The Federal Trade Commission and Sprint Corporation have entered
into a consent order which resolves the FTC allegations that Sprint violated
the Fair Credit Reporting Act (“FCRA”) and it’s Risk Based Pricing Rule. Without admitting liability, Sprint has
agreed to pay the FTC $2.95 million in civil penalties.
The Complaint alleges that Sprint placed consumers with
lower credit scores into an Account Spending Limit ("ASL") program through which they
were required to pay an additional $7.99 per month. According to the complaint, Sprint used
consumers’ credit scores to ascertain whether they should be subject to the ASL
program. According to the complaint,
Sprint failed to provide adequate and/or timely notification to consumers that
were placed in the ASL Program that they were receiving risk based pricing. As a result, the complaint contends that consumers were not provided notice until it was too late to switch to another service provider.
Risk Based Pricing occurs when lenders offer different
interest rates or loan terms to borrowers based on their individual creditworthiness. The Rule requires that notice be provided to
consumers who receive materially less favorable credit terms than a substantial
proportion of consumers based upon their credit score. “Materially less
favorable” can mean a higher APR, but where there is not APR, it can mean other
things, like a deposit required by a telephone company or an annual membership
fee for a credit card. 16 CFR
640.2(o). The Risk Based Pricing Rules
require that notice be provided to consumers affected by Risk Based Pricing.

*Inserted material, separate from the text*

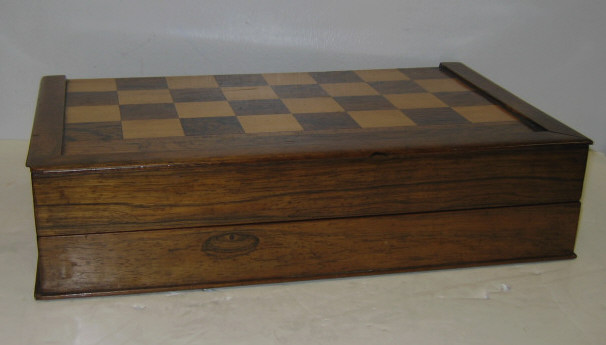 Appraisal: ENGLISH WOOD HINGED GAME BOX Rectangular inlay chess board outside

The Order requires Sprint to send consumers impacted by Risk
Based Pricing notice by the earlier of either five (5) days after the consumer activates
service or a date that give the consumer a reasonable opportunity to avoid
incurring future financial obligations to Sprint. Sprint additionally must provide revised notifications to all consumers who previously received the incomplete notices. The Order further sets forth specifically the
contents required for all Risk Based Pricing Notices moving forward. Beyond the specific remediation and civil
penalty, and as is typical with FTC Orders, Sprint is required to provide
compliance reporting to the FTC at the FTC’s request for ten (10) years.